■ **What this task involves**: Below are records with pictures in them. Transcribe everything from the line containing "Lửa bao trùm" down to the line containing "Black, variant on", exactly, and leave the pictures behind.
** Opening Records for processing block **
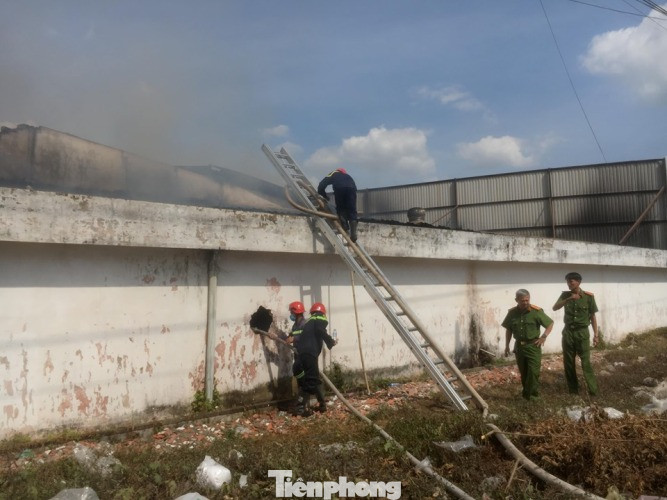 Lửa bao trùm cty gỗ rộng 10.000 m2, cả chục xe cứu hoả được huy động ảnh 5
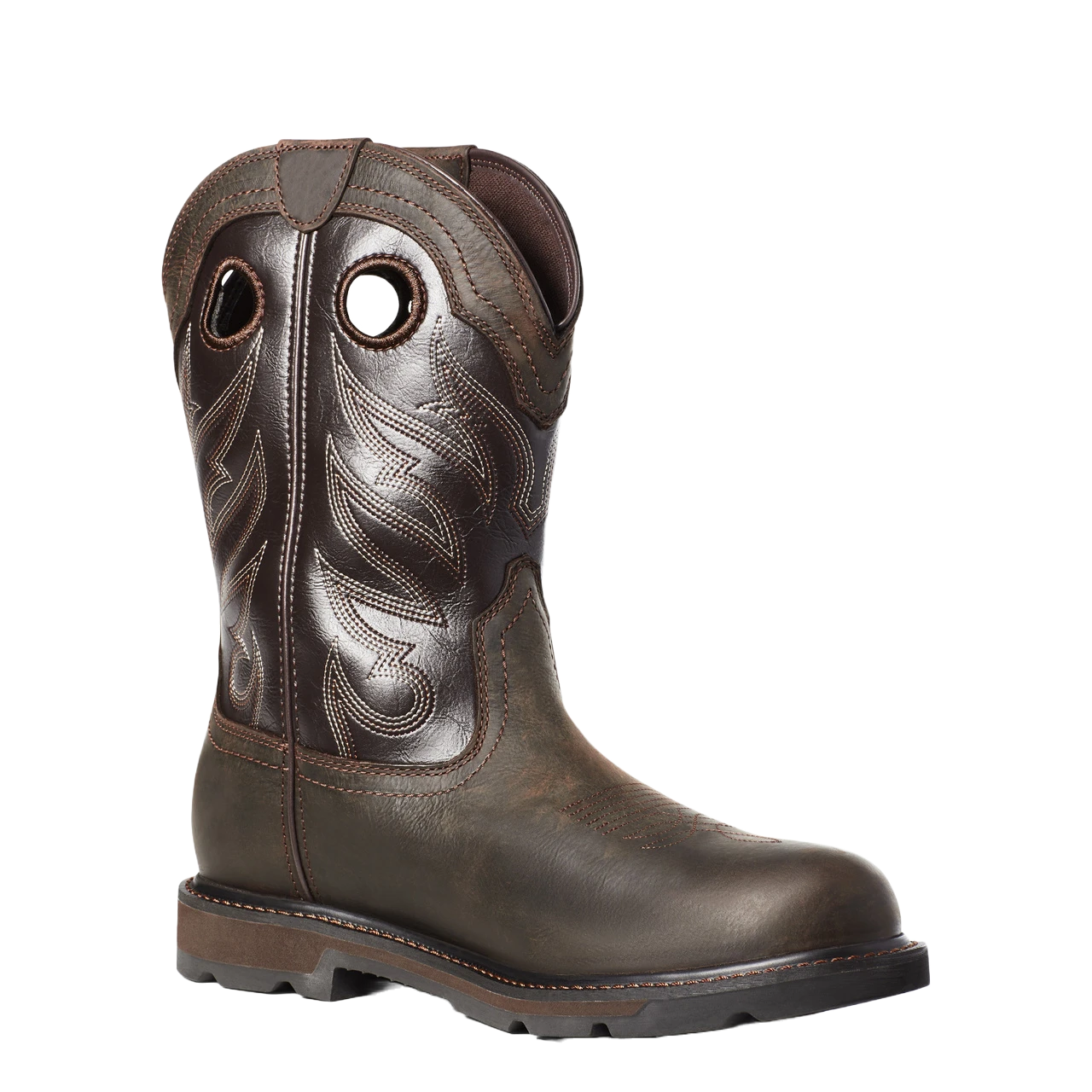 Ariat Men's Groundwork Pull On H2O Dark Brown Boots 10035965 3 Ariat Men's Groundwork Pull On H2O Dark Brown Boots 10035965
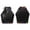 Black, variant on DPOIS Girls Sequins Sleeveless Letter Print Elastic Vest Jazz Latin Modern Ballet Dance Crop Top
** Closing Records for processing block **
** Opening Records for processing block **
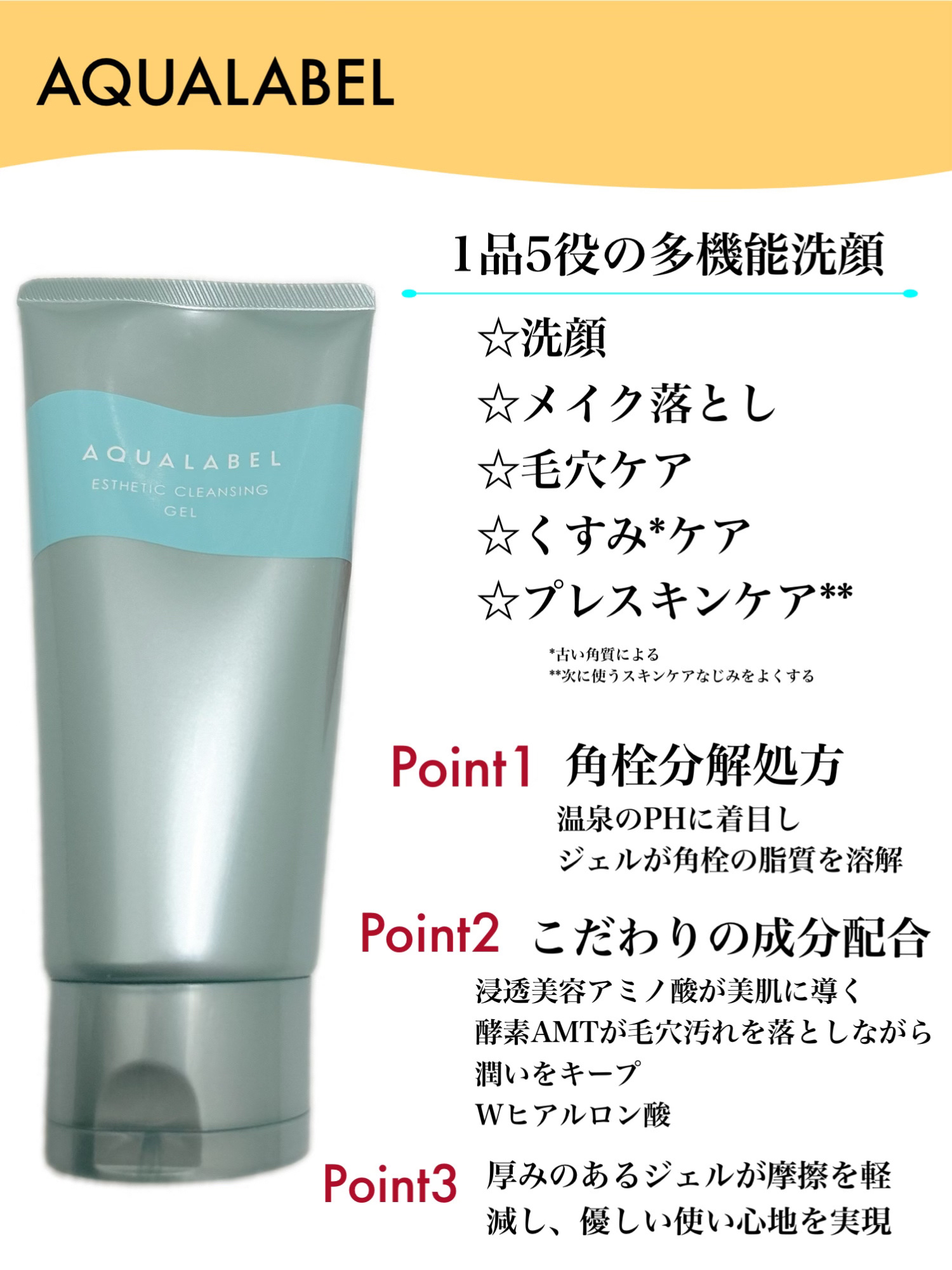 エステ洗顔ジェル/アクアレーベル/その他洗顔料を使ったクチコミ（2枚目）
** Closing Records for processing block **
■ **Finished task**:
 Lửa bao trùm cty gỗ rộng 10.000 m2, cả chục xe cứu hoả được huy động ảnh 5
 Ariat Men's Groundwork Pull On H2O Dark Brown Boots 10035965 3 Ariat Men's Groundwork Pull On H2O Dark Brown Boots 10035965
 Black, variant on DPOIS Girls Sequins Sleeveless Letter Print Elastic Vest Jazz Latin Modern Ballet Dance Crop Top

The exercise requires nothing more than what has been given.